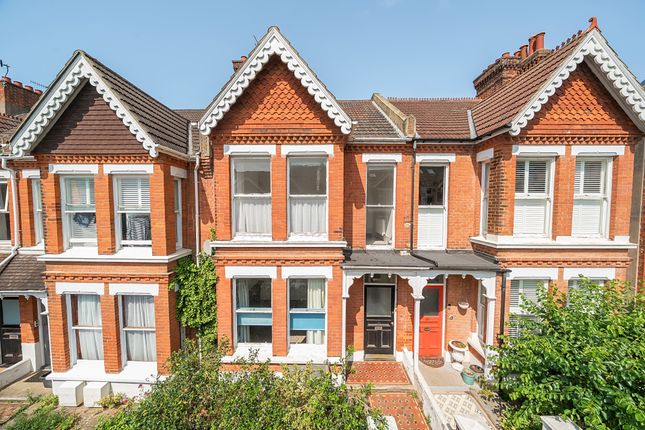 4 bedroom terraced house for sale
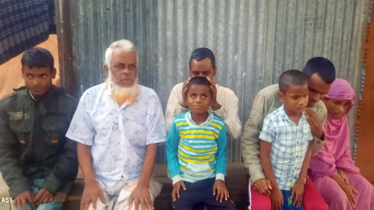 গান ছেড়ে ভিক্ষার নির্দেশ, হুমকির মুখে অন্ধ হেলালের পুরো পরিবার গান ছেড়ে ভিক্ষার নির্দেশ, হুমকির মুখে অন্ধ হেলালের পুরো পরিবার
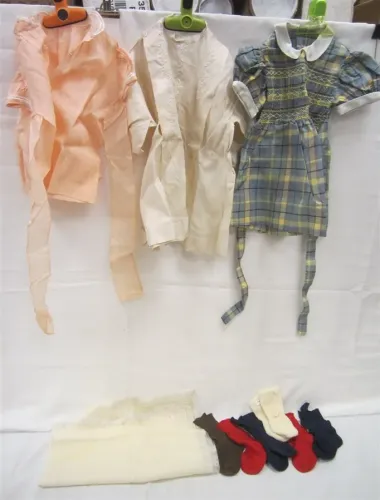 ANTIQUE AND VINTAGE GIRL'S CLOTHES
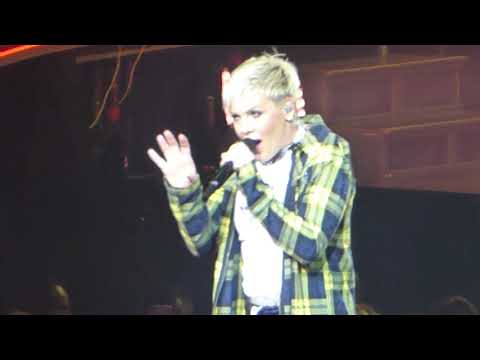 Pink Live Sydney 11.8.18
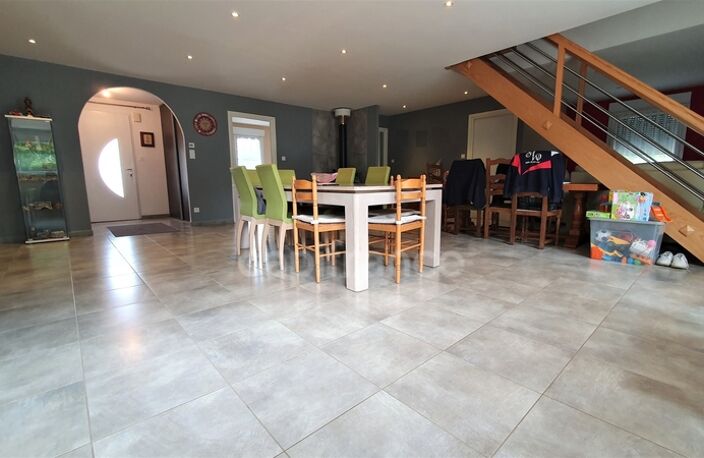 VAUVILLERS (70). Ensemble immobilier composé d'une maison d'habitation de 170m² et d'un bâtiment de 520m² — photo 5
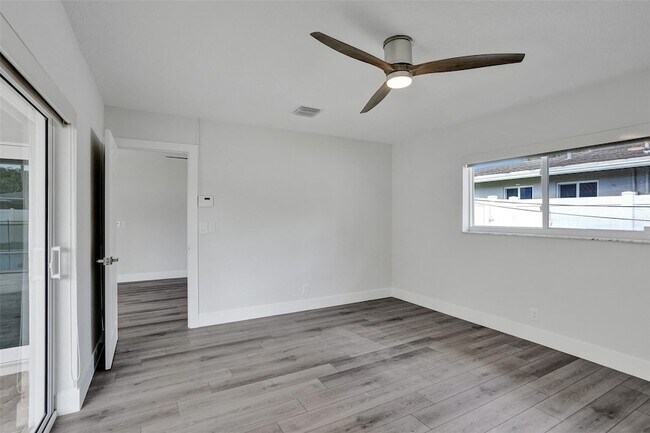 Building Photo - 5361 SW 7th St
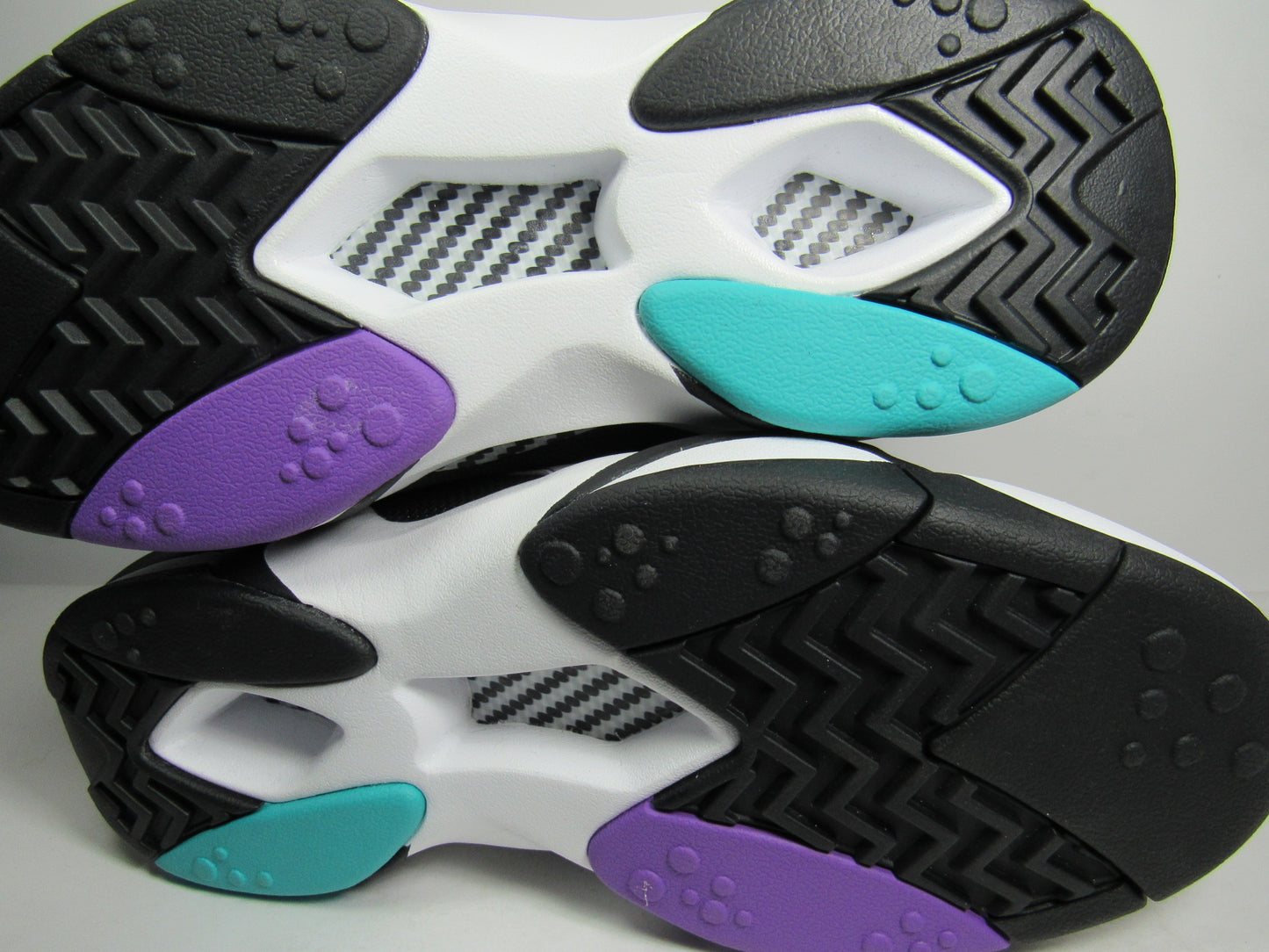 RBK SHAQ ATTAQ THE PUMP BLACKTOP EN CAJA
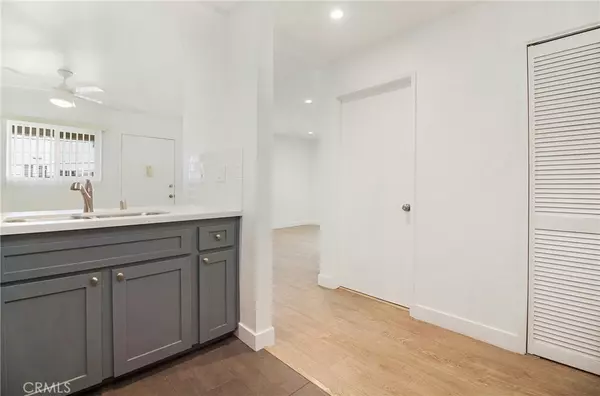 Long Beach, CA 90802,1322 3rd street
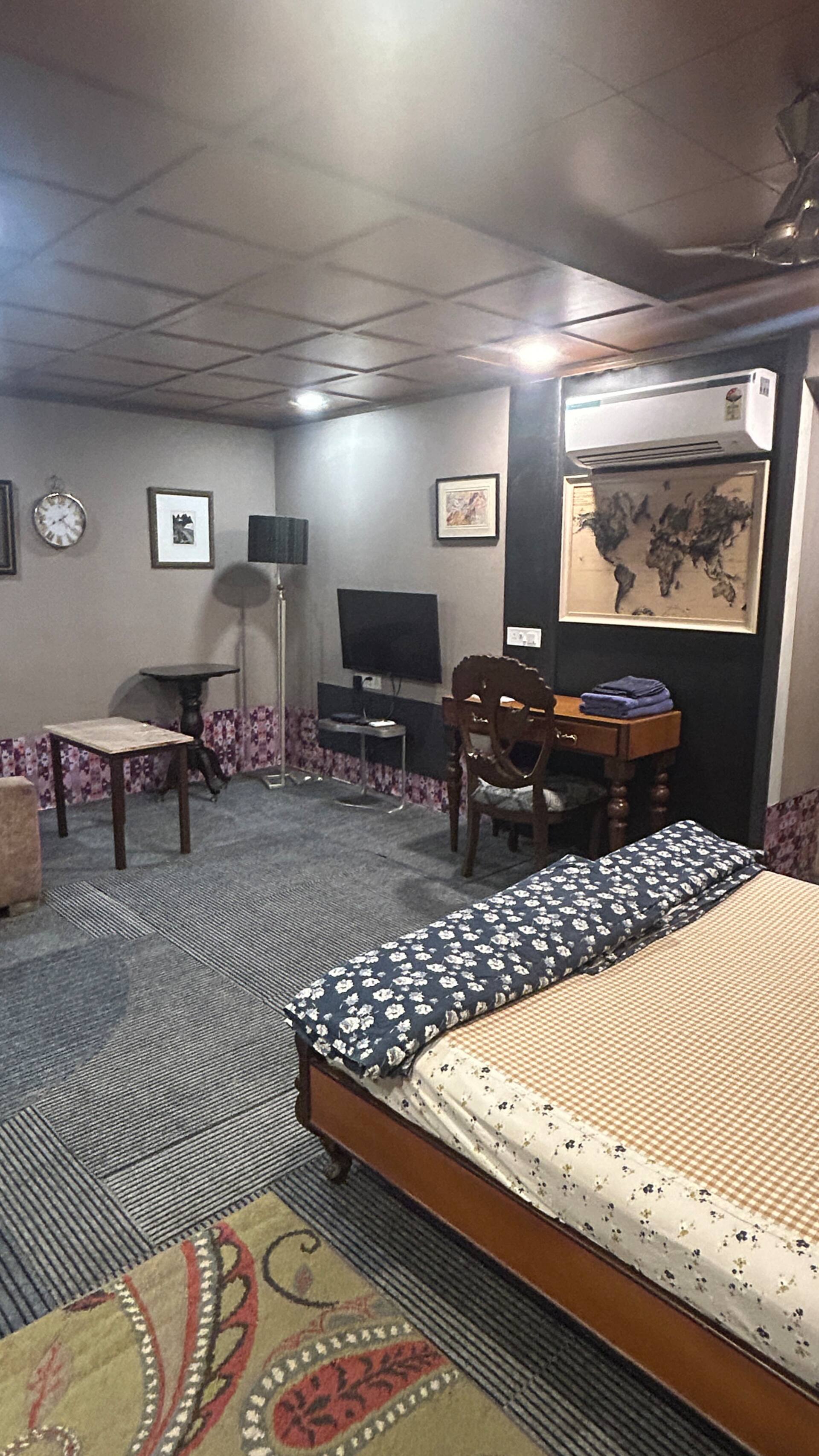 Large Modern Room I WiFi I Easy walk to PARK St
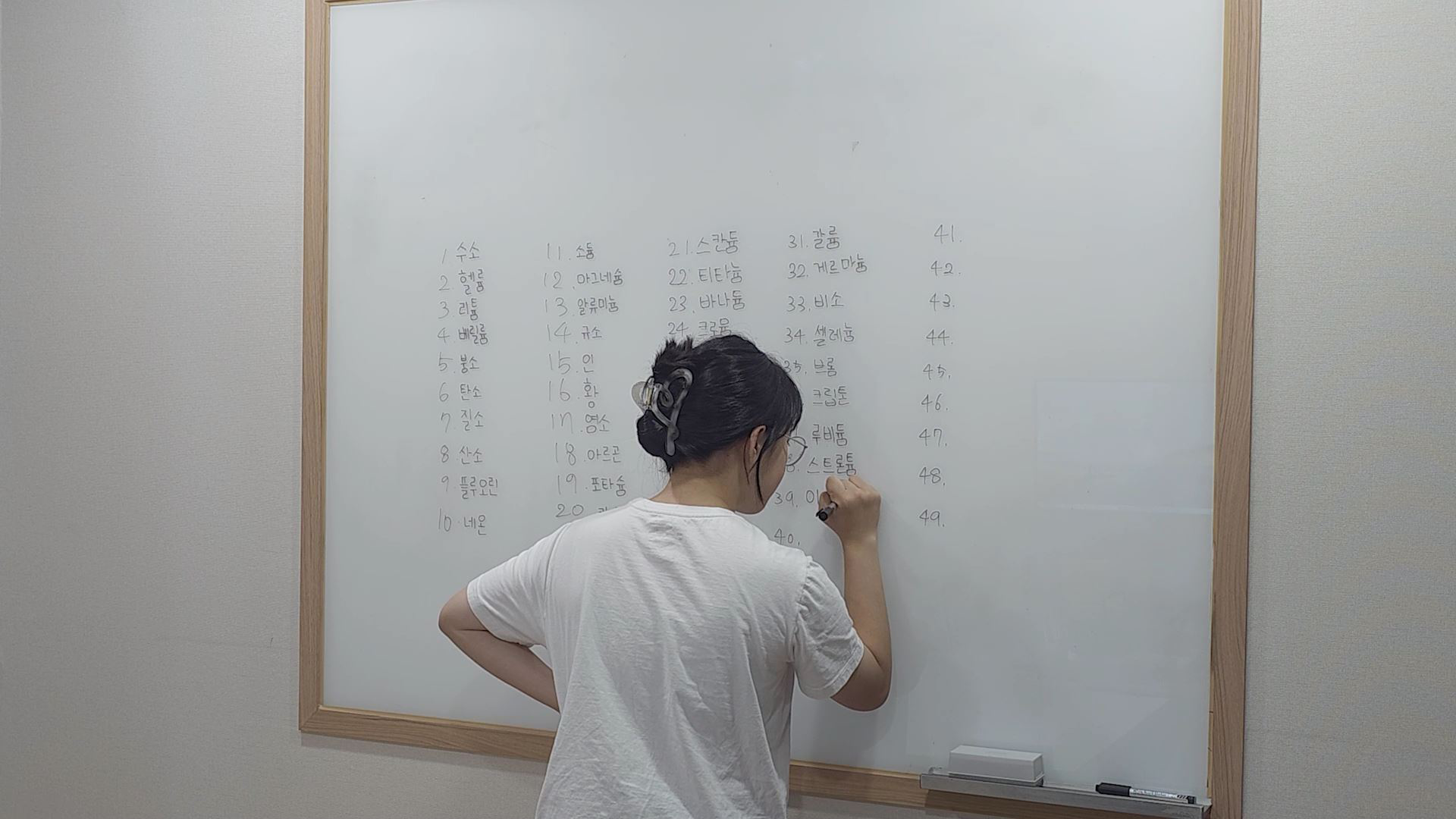 두비전 기존 수업에서 학생이 보드에 직접 적는 장면. 학생이 참여하는 활동 공간을 참고할 수 있습니다.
━━━━━━━━━━
Task prompt
Only the lines from the one with "ANTIQUE AND VINTAGE GIRL'S CLOTHES" through the final line of the entries belong in the answer, set down exactly, with both ends included and no pictures.

Your solution
 ANTIQUE AND VINTAGE GIRL'S CLOTHES
 Pink Live Sydney 11.8.18
 VAUVILLERS (70). Ensemble immobilier composé d'une maison d'habitation de 170m² et d'un bâtiment de 520m² — photo 5
 Building Photo - 5361 SW 7th St
 RBK SHAQ ATTAQ THE PUMP BLACKTOP EN CAJA
 Long Beach, CA 90802,1322 3rd street
 Large Modern Room I WiFi I Easy walk to PARK St
 두비전 기존 수업에서 학생이 보드에 직접 적는 장면. 학생이 참여하는 활동 공간을 참고할 수 있습니다.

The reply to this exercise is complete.